-------- Record set
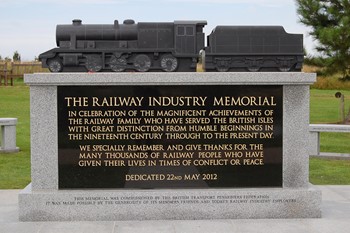 Railway Industry Memorial - National Memorial Arboretum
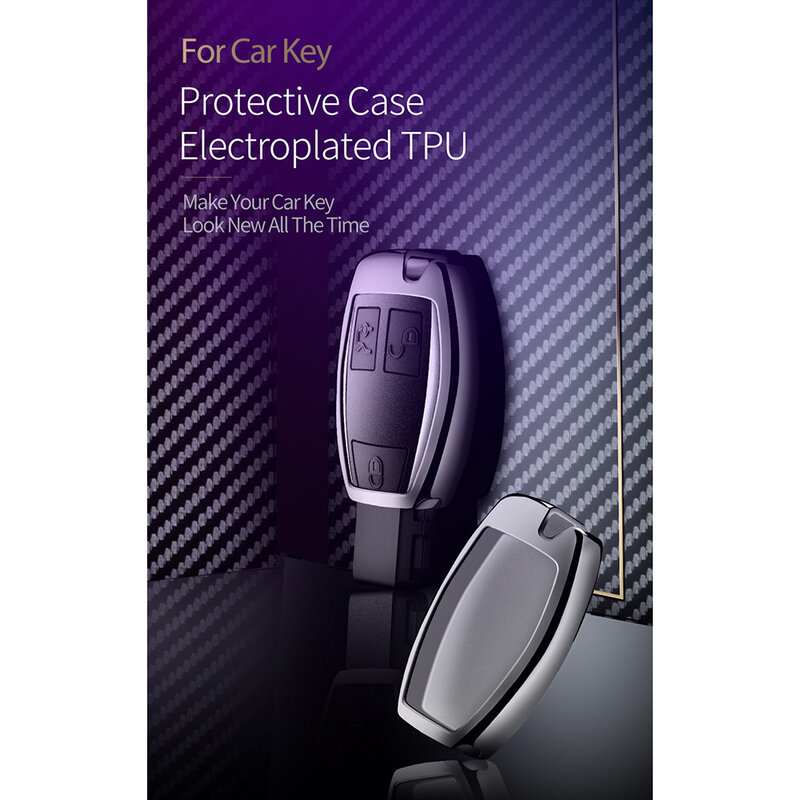 Husa Cheie Auto Dux Ducis Car Key Pentru BMW Mini Din Silicon Si TPU Galvanizat - Roz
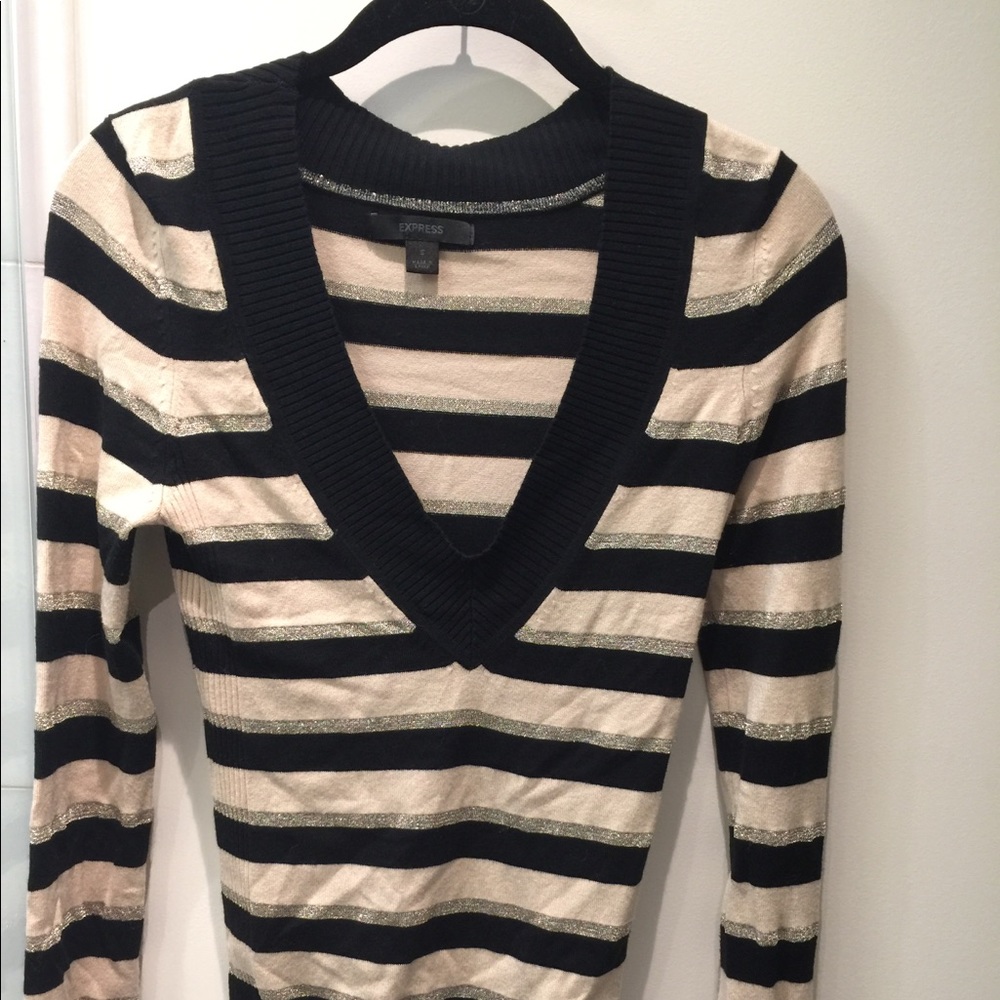 Express v neck sweater size S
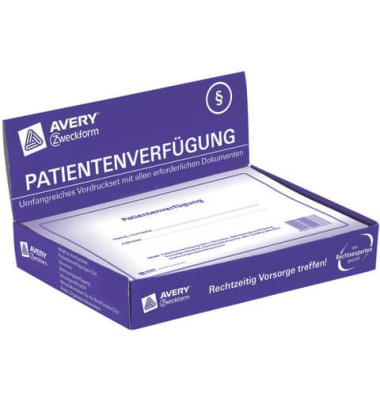 Patientenverf&uuml;gung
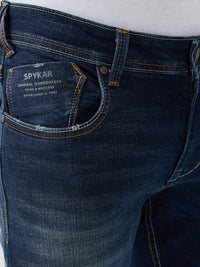 Men Kano Jeans Slim Fit Blue Low Rise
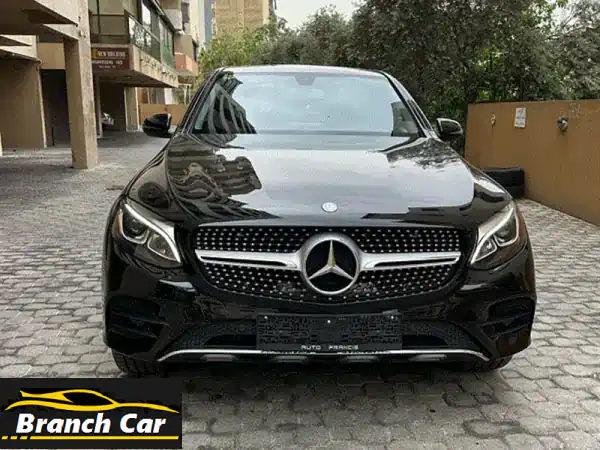مرسيدس GLC 300 كوبيه AMG لاين 2017 - أسود على أسود (حالة ممتازة)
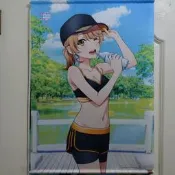 果青 果然我的青春戀愛喜劇搞錯了 一色伊呂波 B2掛軸 運動服ver.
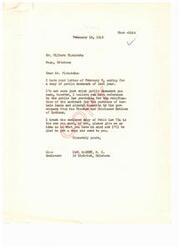 ["Mr. Pistokcha requested a copy of a public document from Mr. Albert, who believes he is referring to a public law regarding a contract for the purchase of lands and mineral deposits from the Choctaw and Chickasaw Nations. Mr. Albert enclosed a copy of Public Law 754 for Mr. Pistokcha and offered to provide another document if needed."]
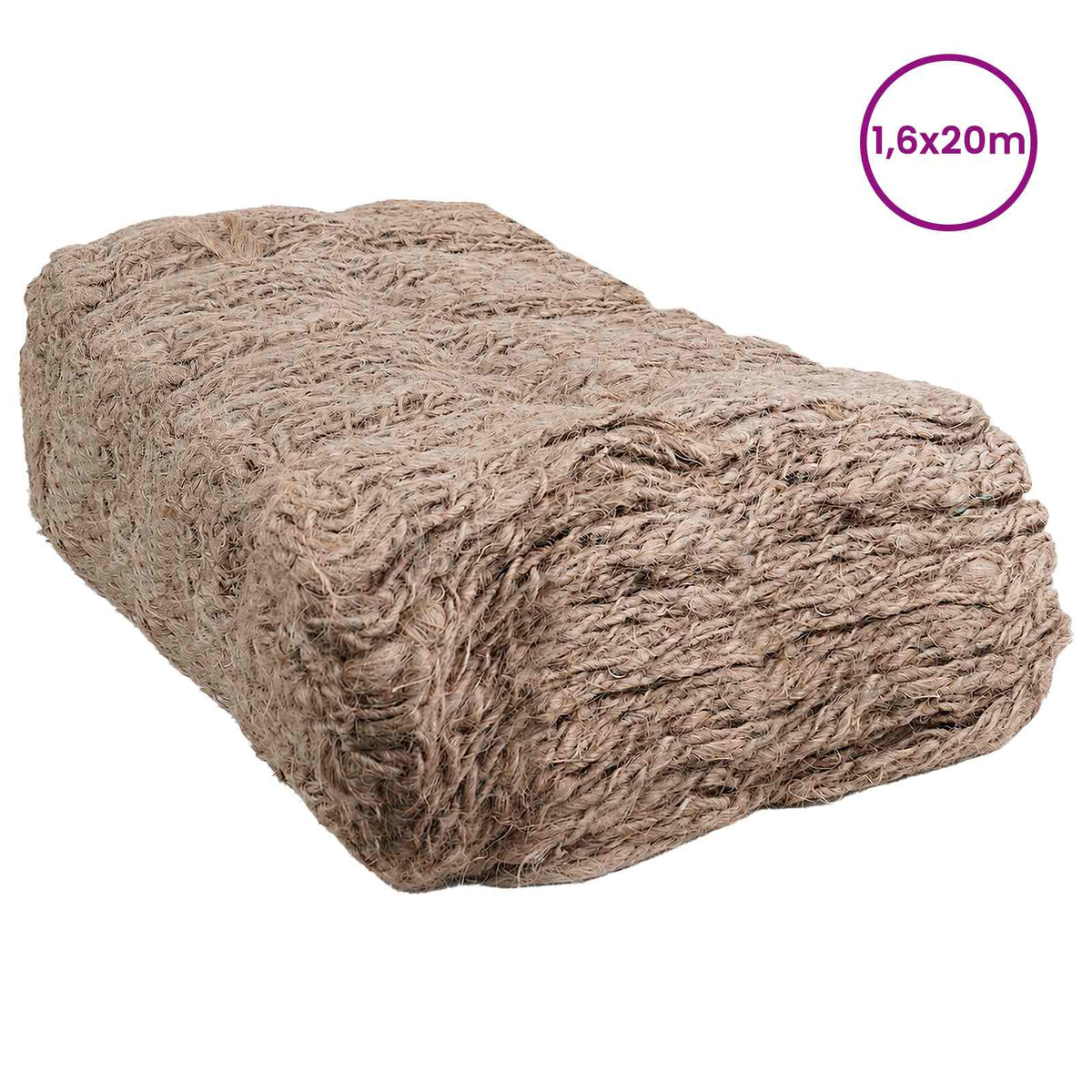 Jutena podloga za embankment Prirodna 1,6 x 20 m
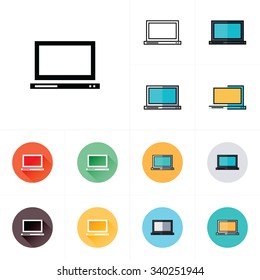 Laptop Icon vector design
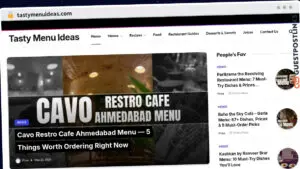 Publish Guest Post on tastymenuideas.com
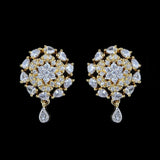 American Diamond Ear Tops - Golden - test-store-for-chase-value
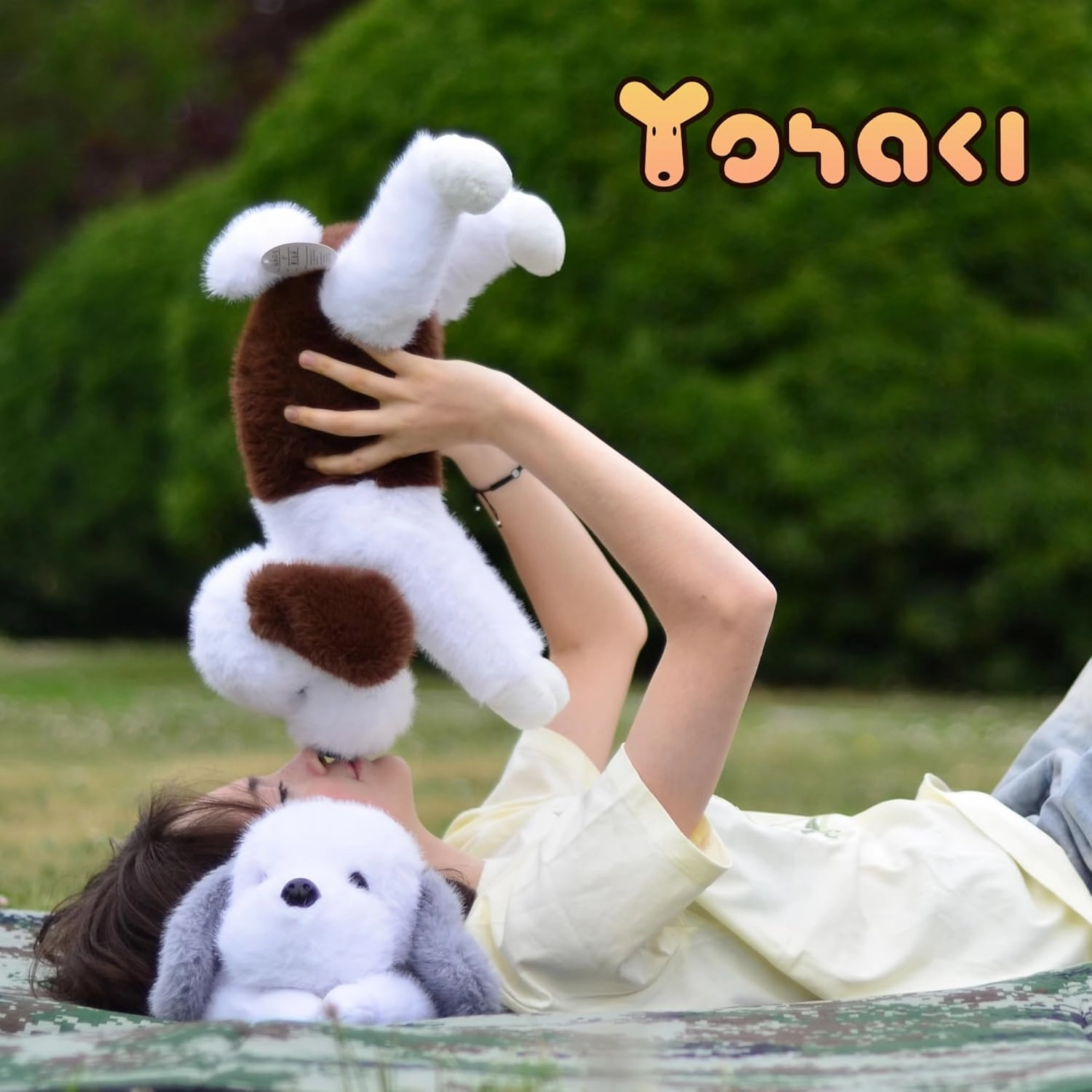 Dog Stuffed Animals 16 inch Cute Dog plushies for Babies Girls Boys Kids Women Snoopy essa Pug Dachshund Puppy Plush Toy Gifts for Halloween (Small Brown)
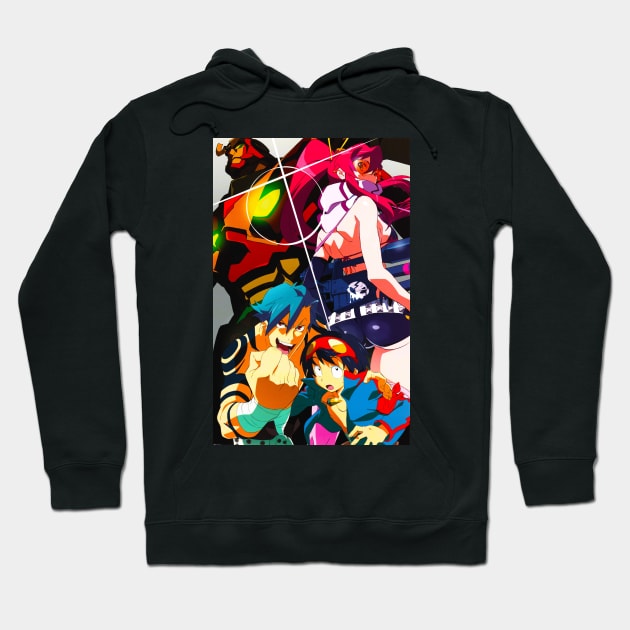 Tengen Toppa Gurren-Lagann Hoodie by TheDressCodes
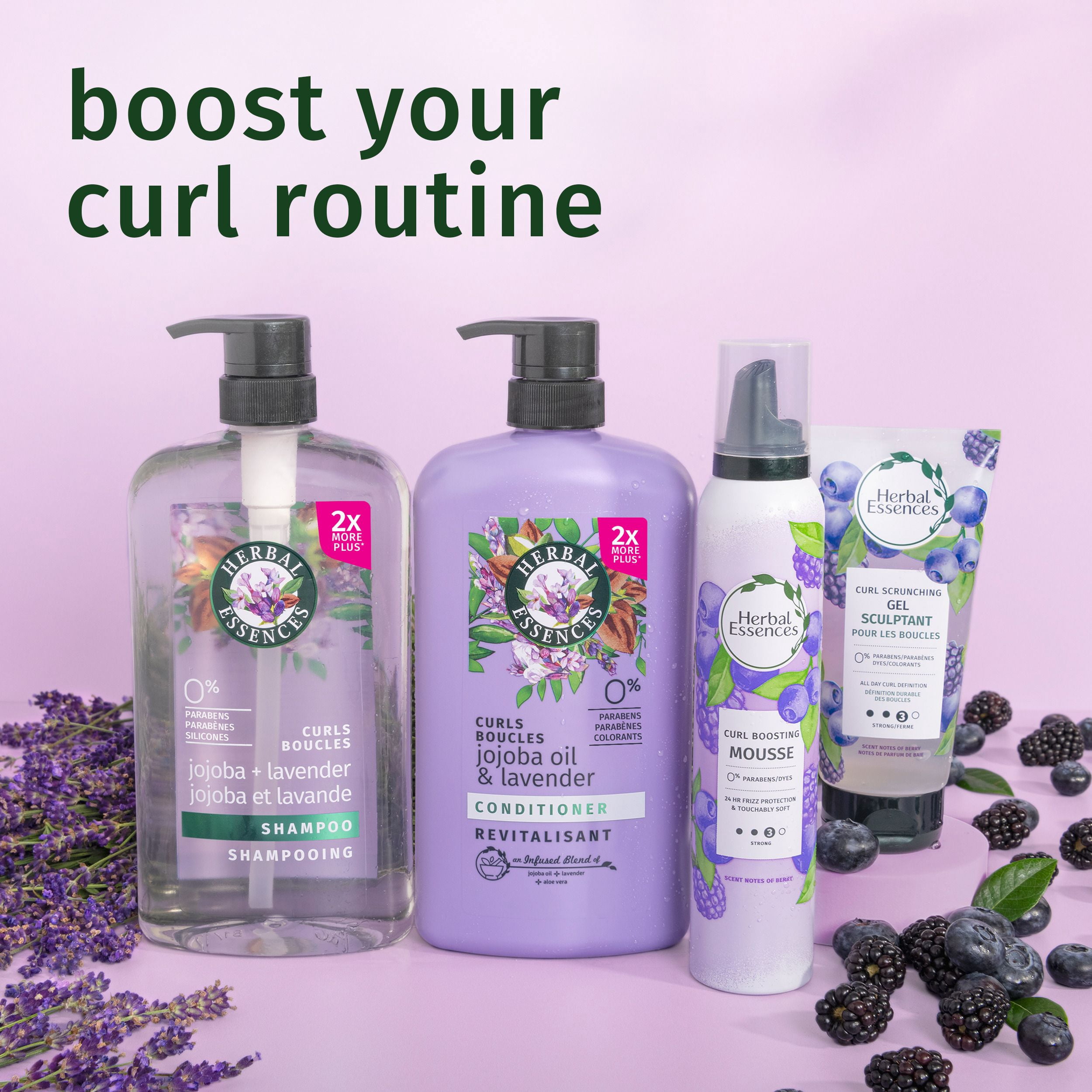 HERBAL ESSENCES Boucles JOJOBA et Lavande Shampooing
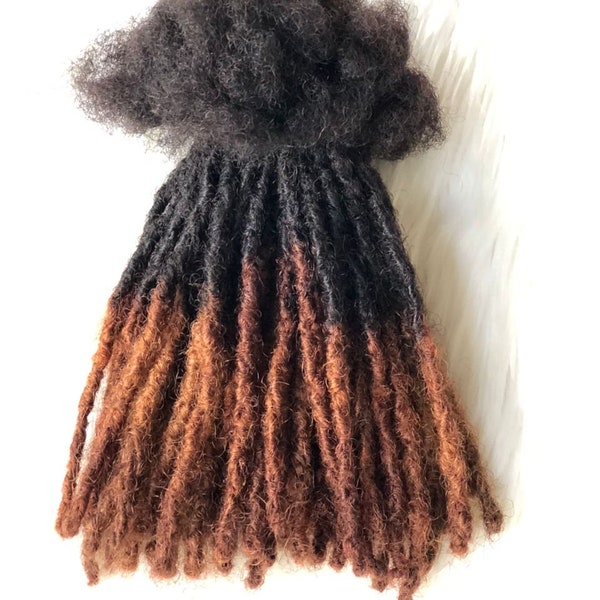 Ombre Anwi Textured locs in bundles of 10locs made from 100% human hair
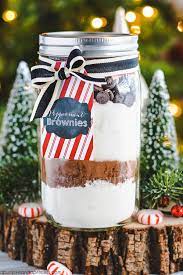 peppermint brownies mason jar gifts a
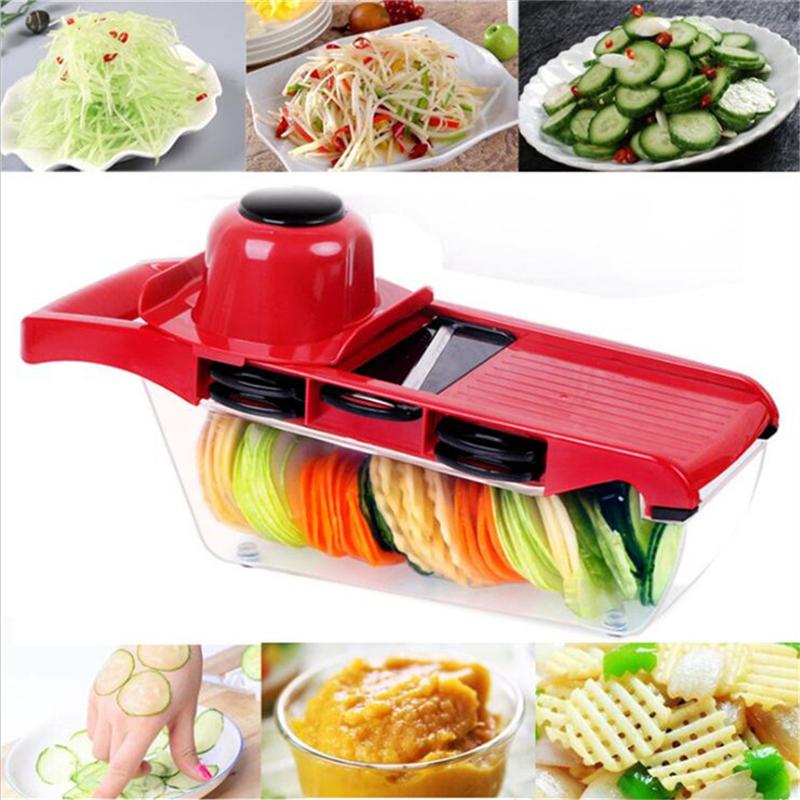 Vegetable Fruit Cutter with Steel Blade mandoline Slicer Potato Peeler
----------------
All lines above starting at the one with "Laptop Icon vector design" and ending at the one with "Tengen Toppa Gurren-Lagann", inclusive, are to be printed again exactly, with the pictures left out.

Written answer:
 Laptop Icon vector design
 Publish Guest Post on tastymenuideas.com
 American Diamond Ear Tops - Golden - test-store-for-chase-value
 Dog Stuffed Animals 16 inch Cute Dog plushies for Babies Girls Boys Kids Women Snoopy essa Pug Dachshund Puppy Plush Toy Gifts for Halloween (Small Brown)
 Tengen Toppa Gurren-Lagann Hoodie by TheDressCodes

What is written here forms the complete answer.